Original Item: Only one available. Dated 1943, this is a very rare original BAR WWII item. Top quality Leather hard case expressly constructed for the legendary Browning Automatic Rifle complete with steel strengtheners and belt-hinged end cover. The scabbard is marked under the end cover:

D-6065
BOYT
- 43 -

All of the examples we have seen were made by the same company, Boyt Harness Company of Des Moines, Iowa. They were a major military contractor during the war, making all variety of leather goods, such as holsters, scabbards, etc.

These scabbards were apparently designed to be used with pack animals in the Japanese War and also used by Paratroops as Drop Cases. Extremely rare, in fact we have only had a few in our possession. Leather beautifully matured, a high quality item in its day and even more so today.

Condition is good, but some of the stitching on the rear right side has popped, but could easily be replaced. The leather overall is hard, and could definitely use some conditioning. There have not been any repairs made that we can see, and the brass fittings do have some verdigris, as expected for an item of this age.

The Browning Automatic Rifle (BAR) is a family of United States automatic rifles (or machine rifles) and light machine guns used by the United States and numerous other countries during the 20th century. This machine rifle is similar in function to other related World War I automatic rifles used for assaulting the enemy. Other light machine guns used by troops advancing across no-man's-land were the Chauchat, Benet-Mercie and the Lewis gun. The primary variant of the BAR series was the M1918, chambered for the .30-06 Springfield rifle cartridge and designed by John Browning in 1917 for the U.S. Expeditionary Corps in Europe as a replacement for the French-made Chauchat and M1909 Benét-Mercié machine guns that US forces had previously been issued.

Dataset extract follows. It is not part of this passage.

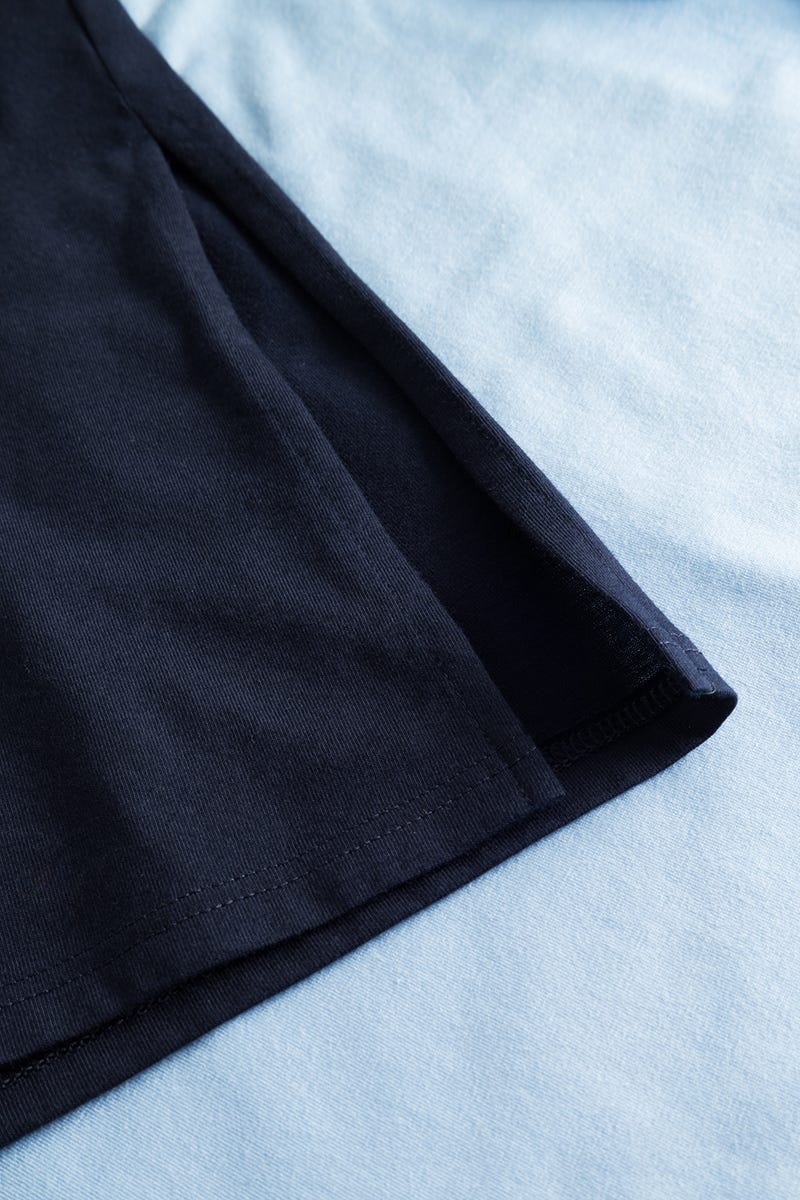 Detailbild 3 von Nachthemd Langarm mit Flächenteiler-Muster Materialmix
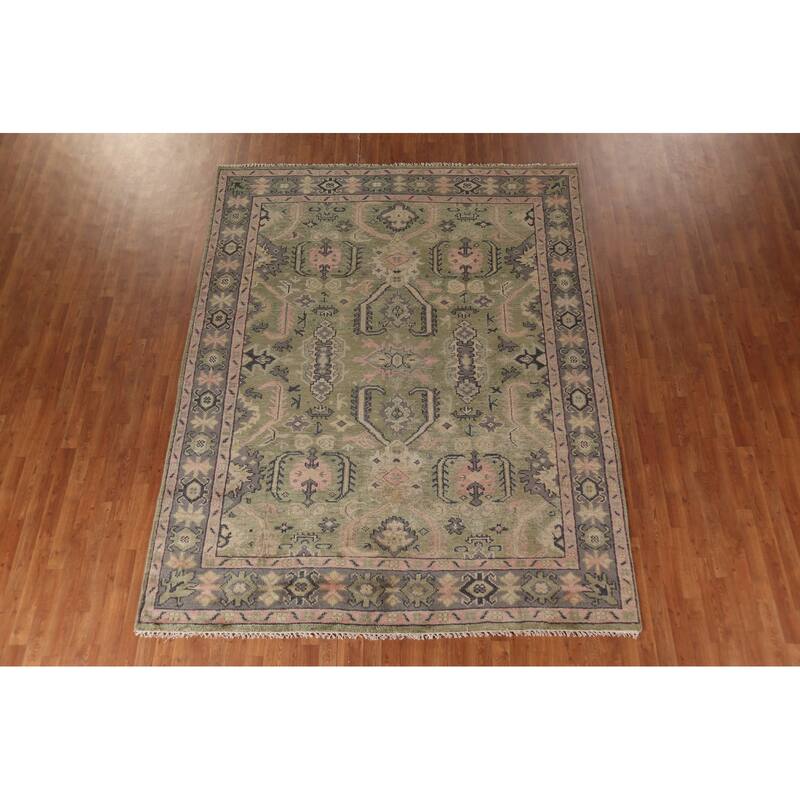 Green Geometric Heriz Serapi Indian Area Rug Handmade Wool Carpet - 7'10"x 9'11"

The BAR was designed to be carried by infantrymen during an assault or advance while supported by the sling over the shoulder or fired from the hip. This is a concept called "walking fire" - thought to be necessary for the individual soldier during trench warfare. The BAR never entirely lived up to the original hopes of the War Department; being neither a rifle nor a machine gun.

The US Army, in practice, used the BAR as a light machine gun (aka squad support weapon) often fired from a bipod (introduced on models after 1938). A variant of the original M1918 BAR, the Colt Monitor Machine Rifle, remains the lightest production automatic gun to fire the .30-06 Springfield cartridge, though the limited capacity of its standard 20-round magazine tended to hamper its utility in that role.

Although the weapon did see some action in World War I, the BAR did not become standard issue in the U.S. Army until 1938, when it was issued to squads as a portable light machine gun. The BAR saw extensive service in both World War II and the Korean War and saw some service early in the Vietnam War. The U.S. Army began phasing out the BAR in the late 1950s, when it was intended to be replaced by a SAW variant of the M14, and was without a portable light machine gun until the introduction of the M60 machine gun in 1957. The M60, however, was really a GPMG, a general-purpose machine gun, and was used as a SAW only because the U.S. Army had no other tool for the job until the M249 Squad Automatic Weapon in the mid-1980s.